#### Task inputs
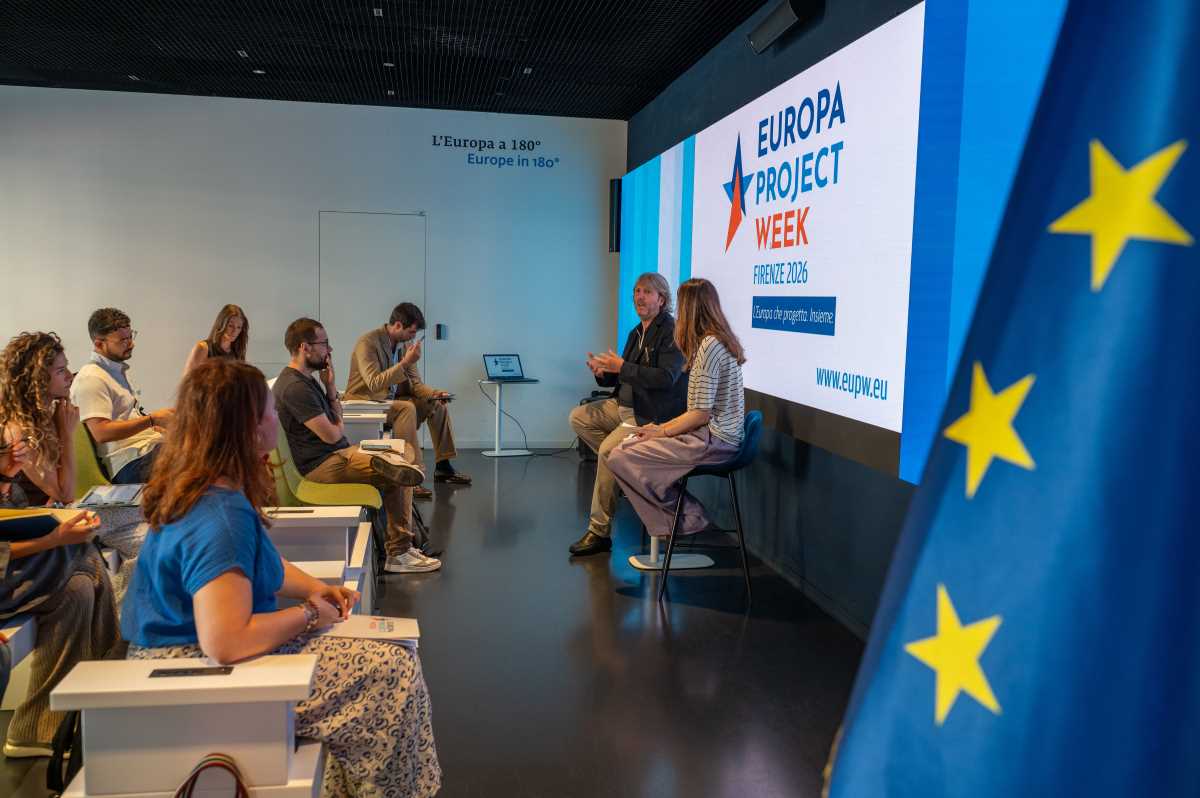 Presentata la Europa Project Week, il primo Festival Italiano dei Progetti Europei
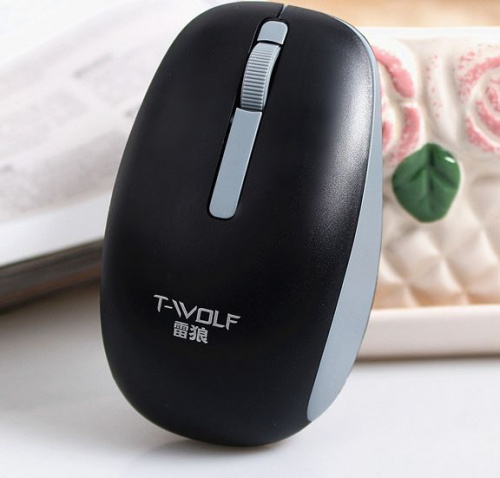 Мышь беспроводная T-WOLF Q0 2.4GHz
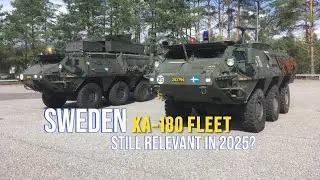Sweden&rsquo;s XA-180 Fleet in 2025: The End of an Era?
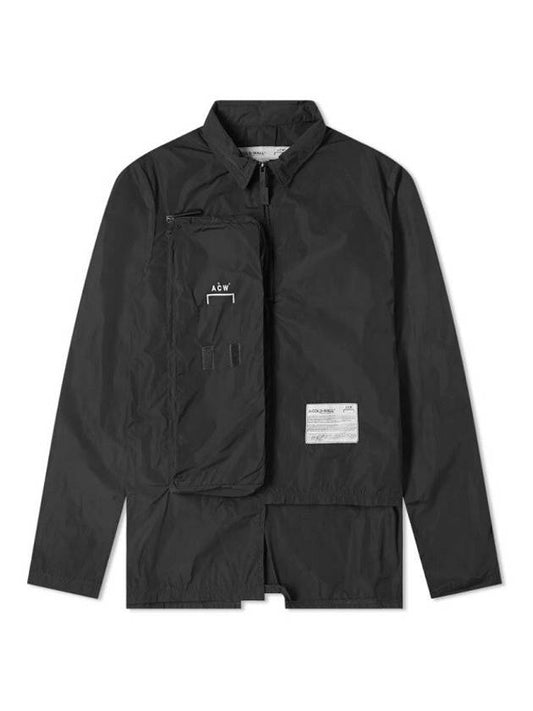 19SS Black Pocket Anorak CW9SMH13AC - A-COLD-WALL - BALAAN 1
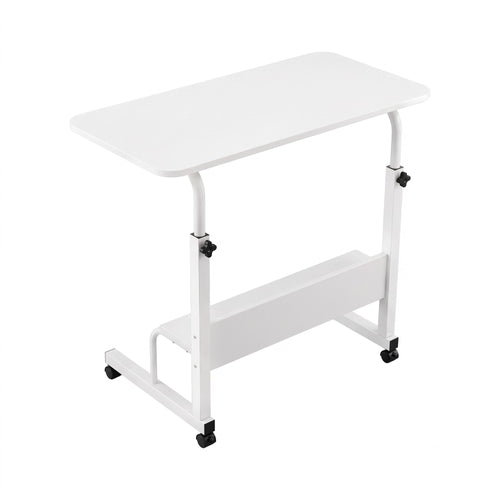 Artiss Laptop Desk Portable Sit Stand Desks Height Adjustable Workstation 80CM White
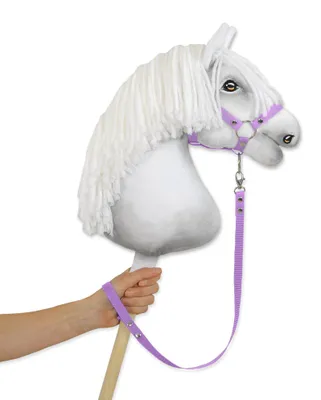 Produktbild von Hobby Horse Gurtleine - Lila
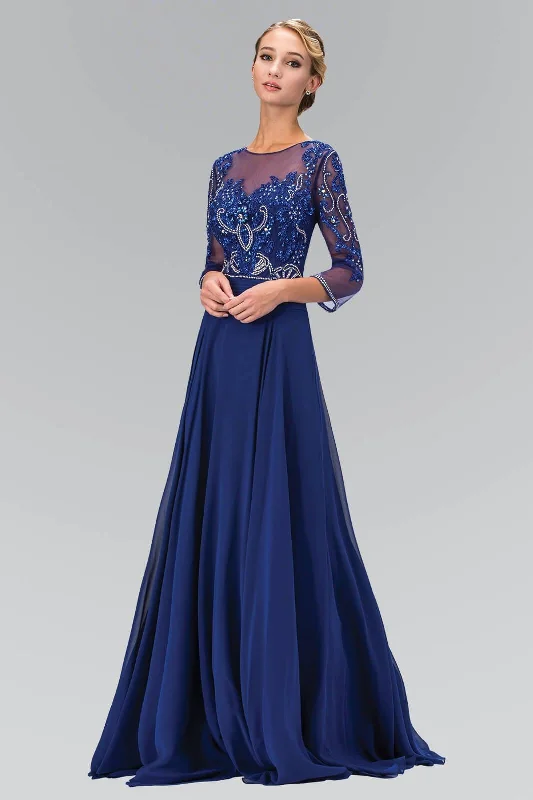 Formal Mother of the Bride Long Dress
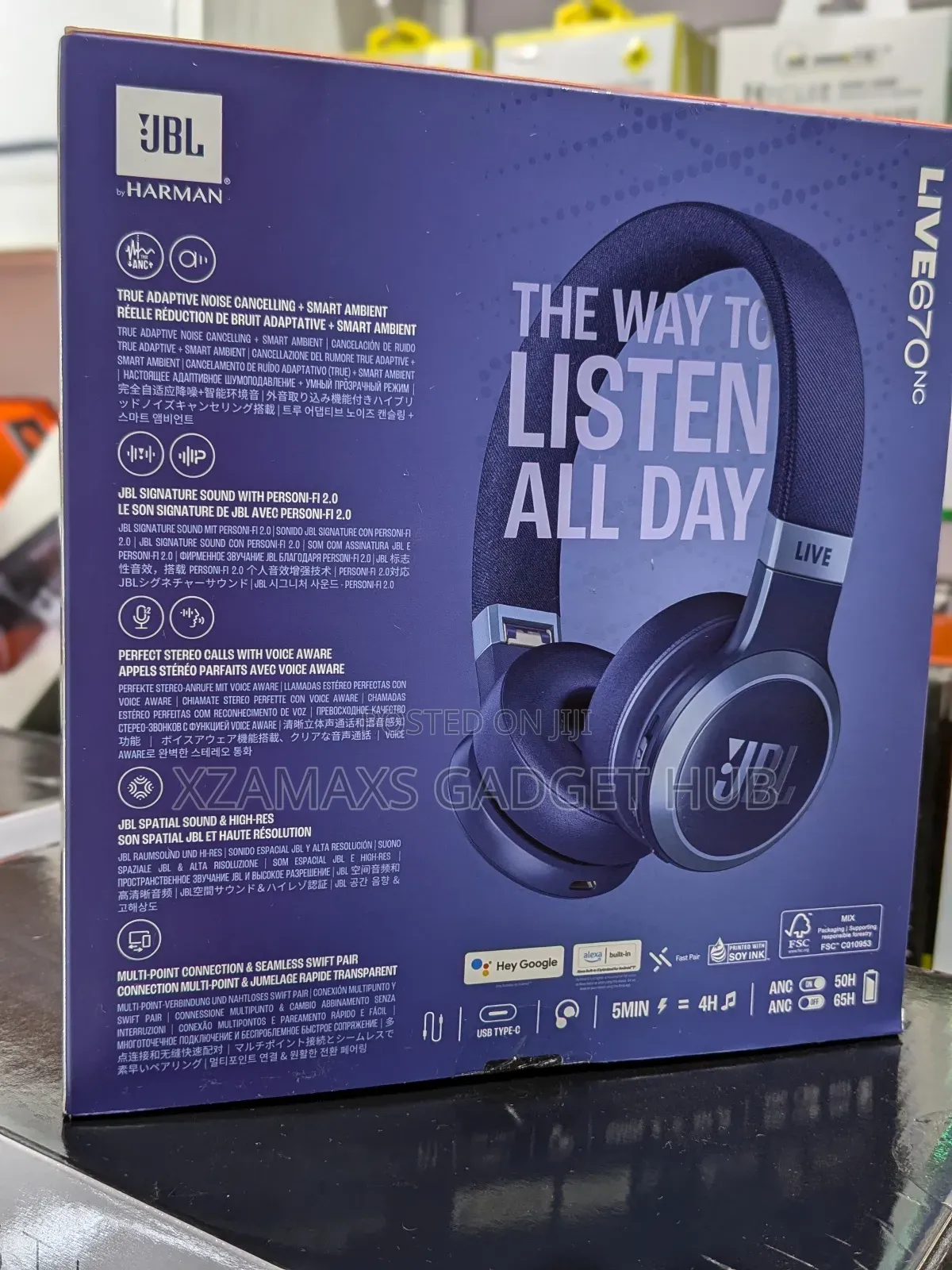 JBL Live 670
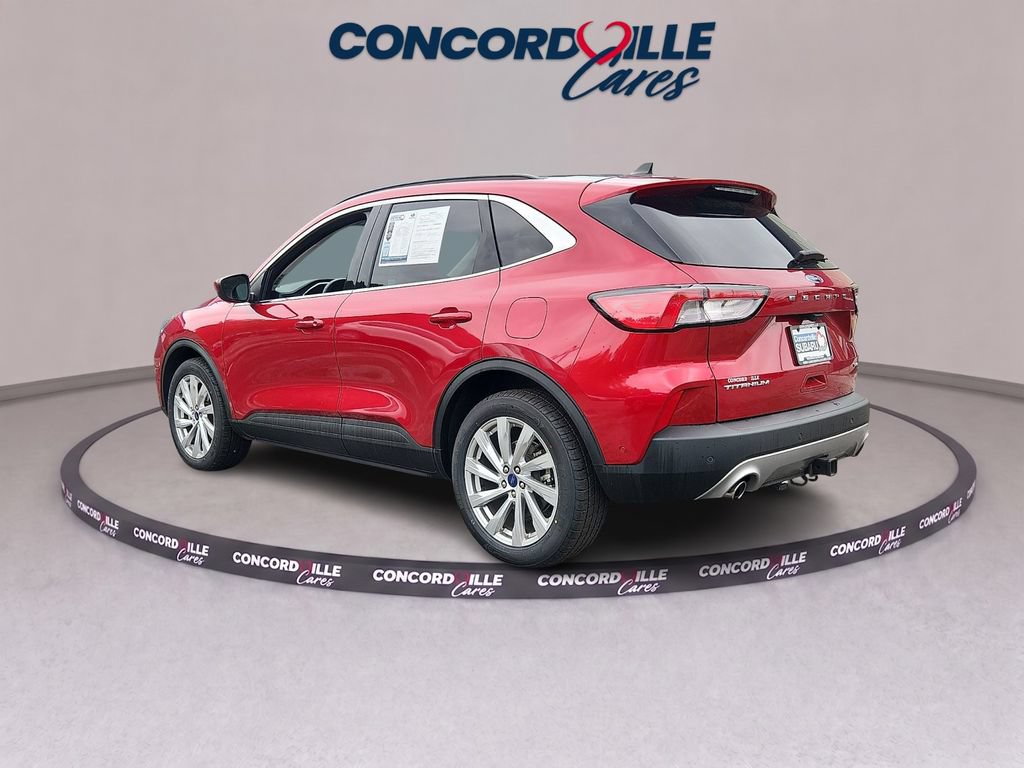 Used 2022 Ford Escape Titanium w/ Titanium Elite Package AWD/4WD image 4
########
* _Task to carry out_
From the line that contains "19SS Black Pocket" to the end of the material above, output every line exactly, both ends included, but leave out any pictures.

* _Written solution_
 19SS Black Pocket Anorak CW9SMH13AC - A-COLD-WALL - BALAAN 1
 Artiss Laptop Desk Portable Sit Stand Desks Height Adjustable Workstation 80CM White
 Produktbild von Hobby Horse Gurtleine - Lila
 Formal Mother of the Bride Long Dress
 JBL Live 670
 Used 2022 Ford Escape Titanium w/ Titanium Elite Package AWD/4WD image 4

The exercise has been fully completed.